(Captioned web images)

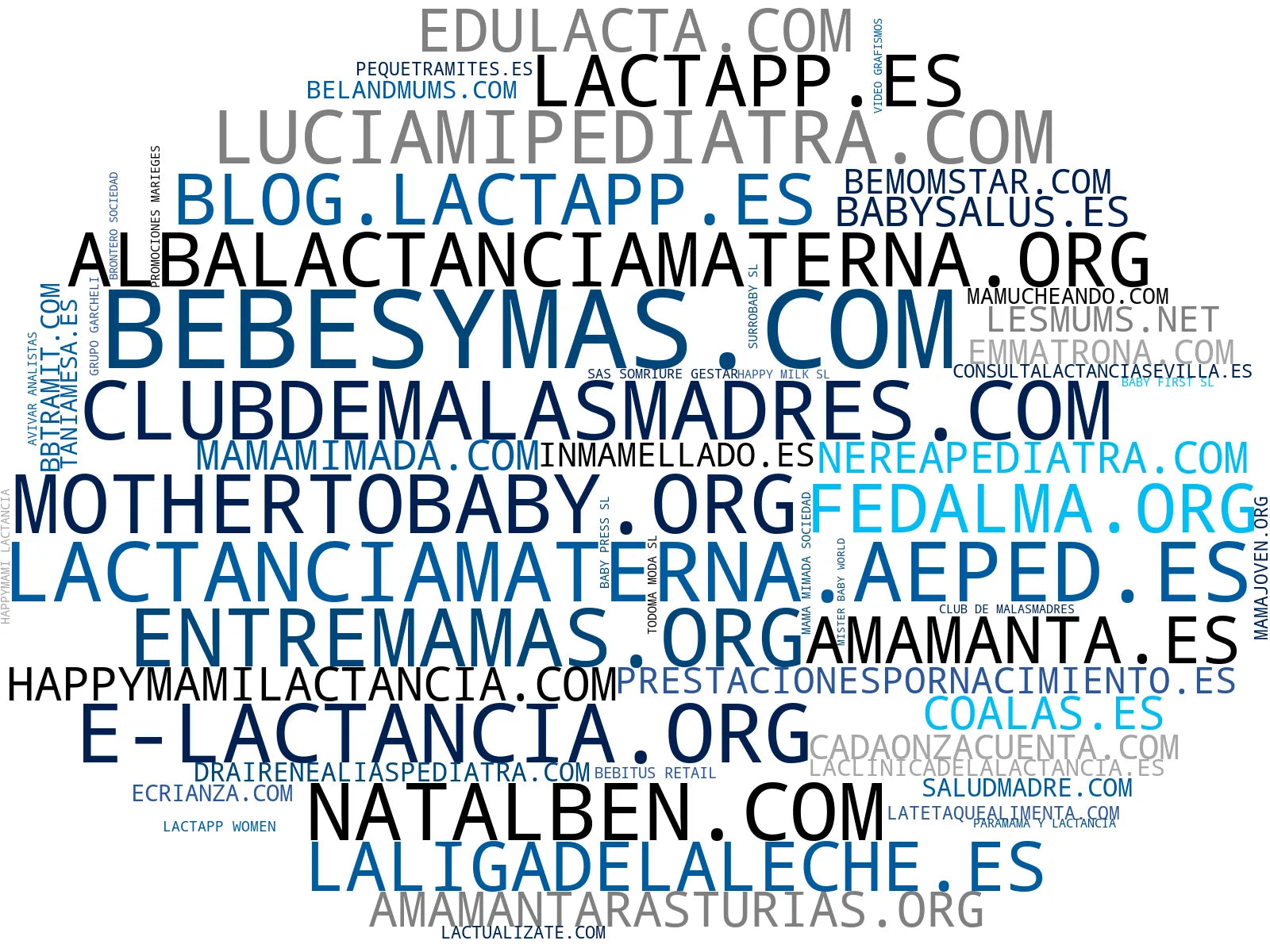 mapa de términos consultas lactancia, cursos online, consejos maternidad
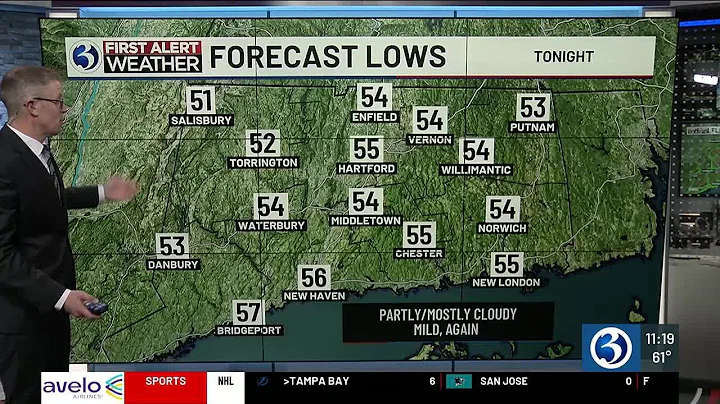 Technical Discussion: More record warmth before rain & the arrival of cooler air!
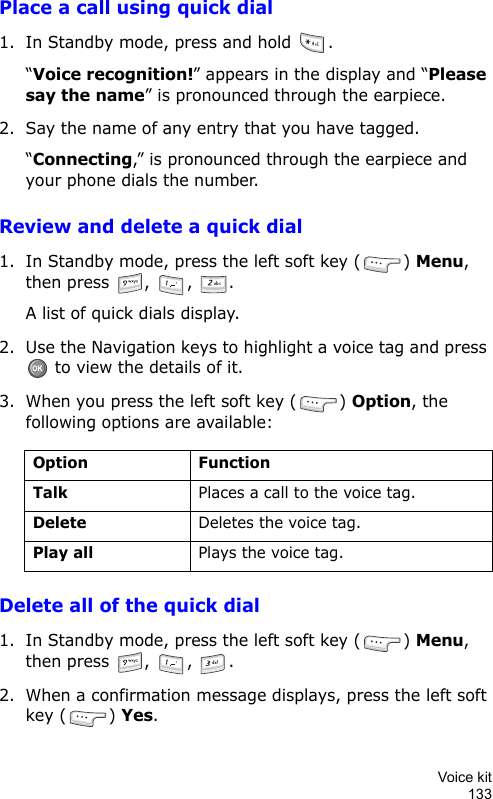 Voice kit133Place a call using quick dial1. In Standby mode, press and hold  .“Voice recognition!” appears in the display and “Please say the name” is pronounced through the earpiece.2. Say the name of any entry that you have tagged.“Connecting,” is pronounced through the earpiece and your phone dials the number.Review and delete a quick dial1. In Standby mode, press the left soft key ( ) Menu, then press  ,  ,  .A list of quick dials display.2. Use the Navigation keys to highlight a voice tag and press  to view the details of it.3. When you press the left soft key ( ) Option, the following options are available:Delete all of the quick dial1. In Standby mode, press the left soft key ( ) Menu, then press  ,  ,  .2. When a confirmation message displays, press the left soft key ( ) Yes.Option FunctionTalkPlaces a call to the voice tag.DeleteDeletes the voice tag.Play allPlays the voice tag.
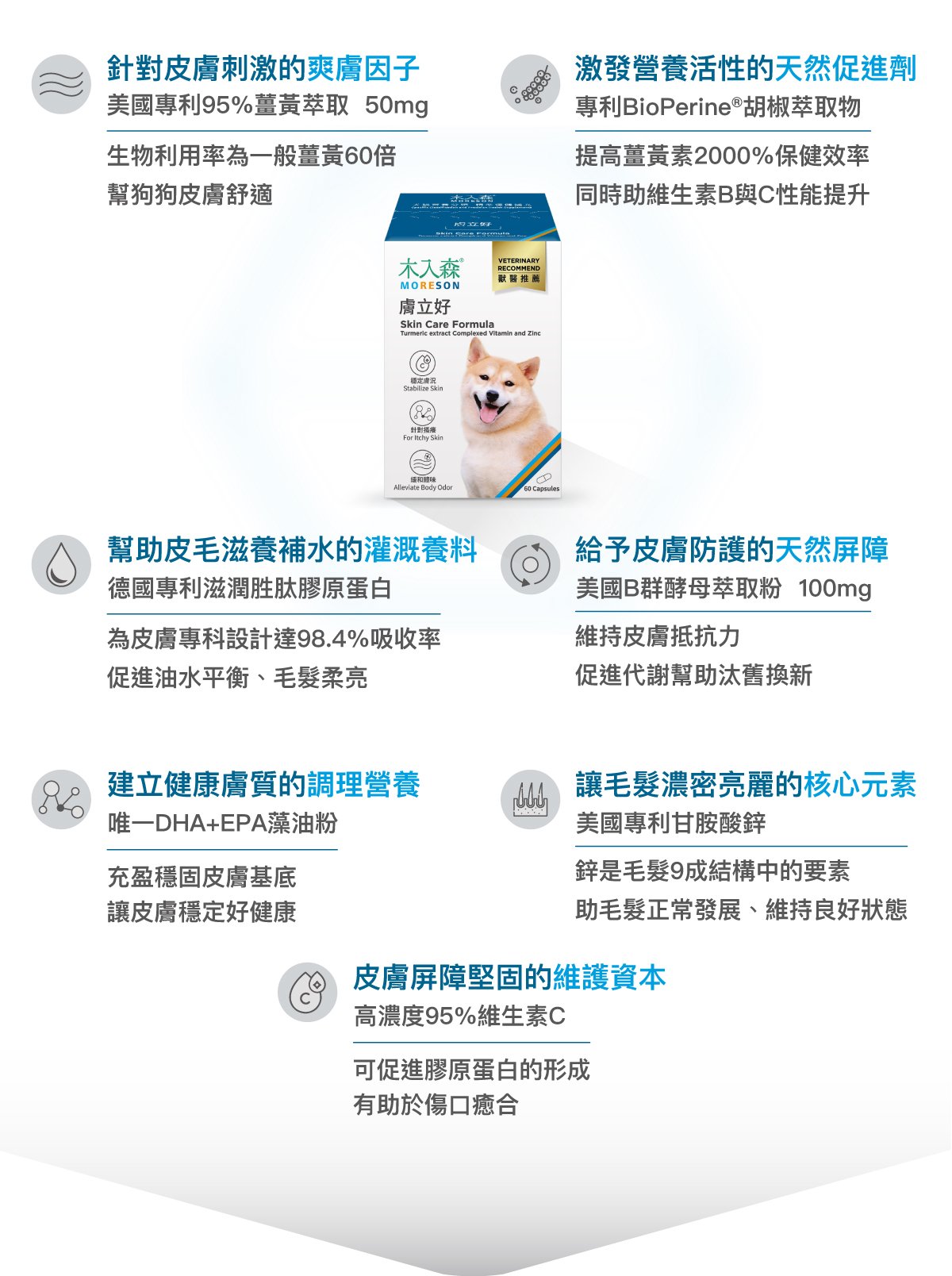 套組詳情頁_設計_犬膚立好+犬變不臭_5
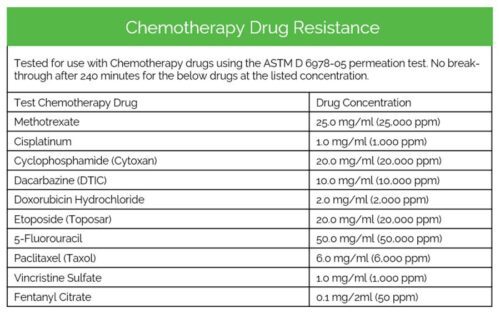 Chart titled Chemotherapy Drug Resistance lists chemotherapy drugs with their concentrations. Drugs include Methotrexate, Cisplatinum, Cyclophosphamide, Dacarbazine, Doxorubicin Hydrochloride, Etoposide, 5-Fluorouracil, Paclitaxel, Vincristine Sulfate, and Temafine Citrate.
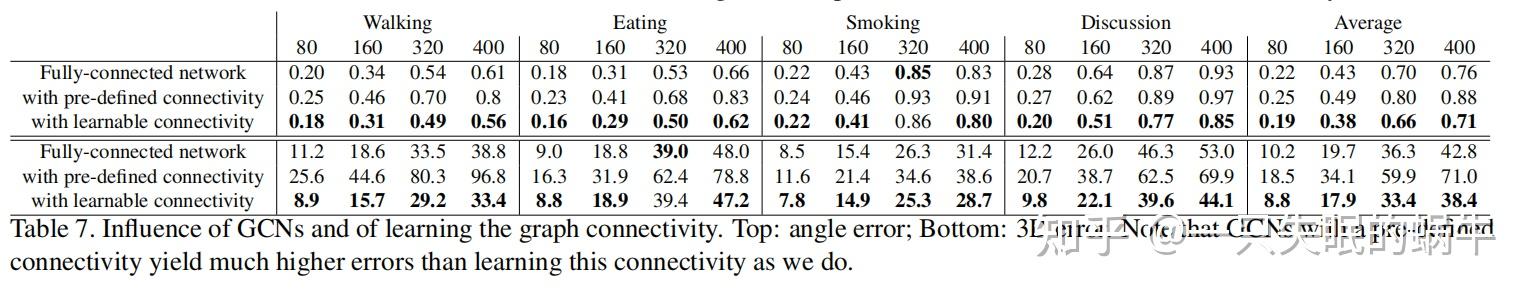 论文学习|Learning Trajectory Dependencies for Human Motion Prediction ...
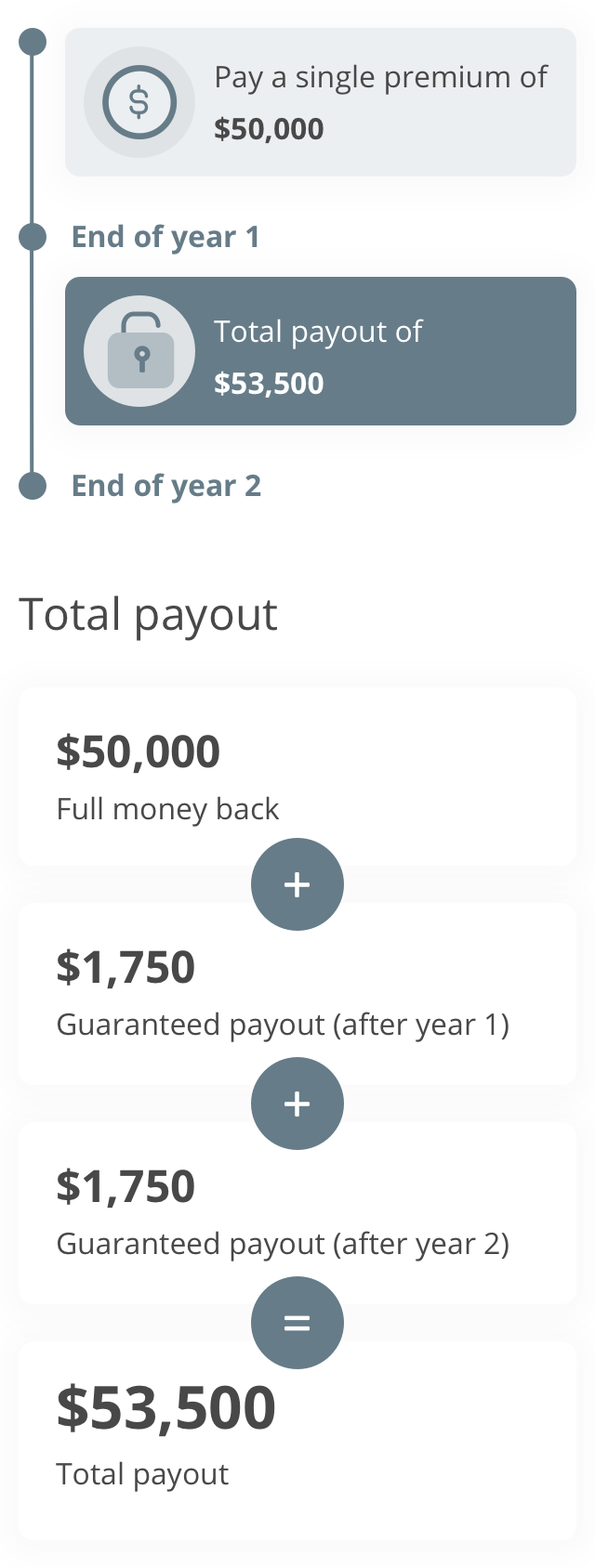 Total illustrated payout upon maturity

**Instructions for the task**: Omit the images and transcribe all of the records above word for word.

**Expected answer**:
 mapa de términos consultas lactancia, cursos online, consejos maternidad
 Technical Discussion: More record warmth before rain & the arrival of cooler air!
 Voice kit133Place a call using quick dial1. In Standby mode, press and hold  .“Voice recognition!” appears in the display and “Please say the name” is pronounced through the earpiece.2. Say the name of any entry that you have tagged.“Connecting,” is pronounced through the earpiece and your phone dials the number.Review and delete a quick dial1. In Standby mode, press the left soft key ( ) Menu, then press  ,  ,  .A list of quick dials display.2. Use the Navigation keys to highlight a voice tag and press  to view the details of it.3. When you press the left soft key ( ) Option, the following options are available:Delete all of the quick dial1. In Standby mode, press the left soft key ( ) Menu, then press  ,  ,  .2. When a confirmation message displays, press the left soft key ( ) Yes.Option FunctionTalkPlaces a call to the voice tag.DeleteDeletes the voice tag.Play allPlays the voice tag.
 套組詳情頁_設計_犬膚立好+犬變不臭_5
 Chart titled Chemotherapy Drug Resistance lists chemotherapy drugs with their concentrations. Drugs include Methotrexate, Cisplatinum, Cyclophosphamide, Dacarbazine, Doxorubicin Hydrochloride, Etoposide, 5-Fluorouracil, Paclitaxel, Vincristine Sulfate, and Temafine Citrate.
 论文学习|Learning Trajectory Dependencies for Human Motion Prediction ...
 Total illustrated payout upon maturity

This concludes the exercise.